An Inconvenient Woman

Home > Other > An Inconvenient Woman > Page 5
An Inconvenient Woman Page 5

by Dominick Dunne


  “How did you know I was awake?” asked Philip.

  “I could see you in the mirror,” she said.

  “Nice back,” he said.

  “Hmmm?”

  “Nice back, I said.”

  “Thanks.”

  “It’s a good look the way your strap has fallen off your shoulder.”

  “I’m experiencing shyness, if you can believe it.”

  He smiled at her.

  “Do you always sleep with your pearls on?”

  “Always. They belonged to my uncle.”

  “The place card changer, that uncle?”

  She laughed. “Uncle Hector, although I never call him uncle. Hector Paradiso.”

  “As in Paradiso Boulevard, on the way to the airport?”

  “Yes. The Paradisos were a Land Grant family. Hector’s great-grandfather, or great-great, I’m not sure, I never get it straight, was one of the founders of the city, way back when. My mother was his older sister.”

  “Now let me get this straight. On your father’s side, according to Pauline Mendelson, you’re natural gas, and on your mother’s side, you’re from a Land Grant family. Right?”

  “Right.”

  “You’re what’s called well connected, where I come from.”

  “I cover all the bases, at least in Los Angeles.”

  “I know it’s none of my business, but why did Uncle Hector have a pearl necklace?”

  “It belonged to his mother, my grandmother, whom I never knew. When Hector was in the army, he wore it under his uniform.

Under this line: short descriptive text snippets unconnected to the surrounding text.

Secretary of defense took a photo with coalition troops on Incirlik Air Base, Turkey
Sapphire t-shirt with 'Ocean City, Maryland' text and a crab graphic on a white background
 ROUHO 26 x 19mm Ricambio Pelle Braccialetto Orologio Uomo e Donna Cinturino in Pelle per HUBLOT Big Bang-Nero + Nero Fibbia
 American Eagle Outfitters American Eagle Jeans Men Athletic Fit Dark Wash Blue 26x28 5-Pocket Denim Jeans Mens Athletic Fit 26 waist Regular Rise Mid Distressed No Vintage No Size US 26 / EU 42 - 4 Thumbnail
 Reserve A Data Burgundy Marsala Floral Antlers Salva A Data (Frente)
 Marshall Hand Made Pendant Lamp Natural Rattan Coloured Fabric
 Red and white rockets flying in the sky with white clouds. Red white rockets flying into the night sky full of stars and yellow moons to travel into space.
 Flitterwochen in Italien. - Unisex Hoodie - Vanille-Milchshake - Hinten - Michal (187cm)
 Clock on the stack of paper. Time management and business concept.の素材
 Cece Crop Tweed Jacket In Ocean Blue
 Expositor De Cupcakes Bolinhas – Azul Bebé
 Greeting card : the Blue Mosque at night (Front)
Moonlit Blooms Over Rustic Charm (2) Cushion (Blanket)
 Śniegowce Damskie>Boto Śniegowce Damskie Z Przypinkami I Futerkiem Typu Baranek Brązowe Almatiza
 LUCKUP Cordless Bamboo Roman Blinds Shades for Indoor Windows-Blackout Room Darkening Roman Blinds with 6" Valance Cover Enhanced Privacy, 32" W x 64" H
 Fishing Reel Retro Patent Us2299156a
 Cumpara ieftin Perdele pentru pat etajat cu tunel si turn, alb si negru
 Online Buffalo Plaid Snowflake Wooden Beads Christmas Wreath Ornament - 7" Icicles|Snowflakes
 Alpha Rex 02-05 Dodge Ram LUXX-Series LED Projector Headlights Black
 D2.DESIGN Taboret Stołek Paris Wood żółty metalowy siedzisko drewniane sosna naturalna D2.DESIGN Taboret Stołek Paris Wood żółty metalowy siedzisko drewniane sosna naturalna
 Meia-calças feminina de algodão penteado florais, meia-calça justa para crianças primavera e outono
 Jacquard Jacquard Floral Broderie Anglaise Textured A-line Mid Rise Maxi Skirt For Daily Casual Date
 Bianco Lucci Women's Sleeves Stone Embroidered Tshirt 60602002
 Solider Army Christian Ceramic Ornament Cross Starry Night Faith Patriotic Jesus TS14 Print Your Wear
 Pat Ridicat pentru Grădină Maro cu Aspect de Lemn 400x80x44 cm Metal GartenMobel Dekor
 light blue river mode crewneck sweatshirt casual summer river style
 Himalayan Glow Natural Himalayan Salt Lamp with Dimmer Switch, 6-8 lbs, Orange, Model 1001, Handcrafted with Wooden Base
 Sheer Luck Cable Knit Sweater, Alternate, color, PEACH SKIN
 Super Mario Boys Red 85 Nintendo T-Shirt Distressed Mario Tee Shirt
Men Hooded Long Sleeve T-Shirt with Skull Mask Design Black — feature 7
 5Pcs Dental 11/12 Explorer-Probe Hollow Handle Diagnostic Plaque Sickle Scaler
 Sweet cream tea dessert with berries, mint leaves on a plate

He claimed the pearls brought him luck. After the army, he gave them to my mother, and when Mummy died, they came to me. I almost never take them off, except when I bathe, of course, or go swimming—the chlorine in the pool is terrible for them—or when I wear Mummy’s diamond necklace, which isn’t often, because it’s a bore to get it out of the bank and then back the next morning, because of the insurance.”

  Philip laughed.

  She looked at him, confused. “What did I say that was funny?”

  “Rich people stories always strike me funny,” he said.

  Her hundred strokes finished, she stood up and walked toward the bed and pulled the bedclothes off him. “Time to get up,” she said. Looking down at him, she spoke again. “Oh, heavens!”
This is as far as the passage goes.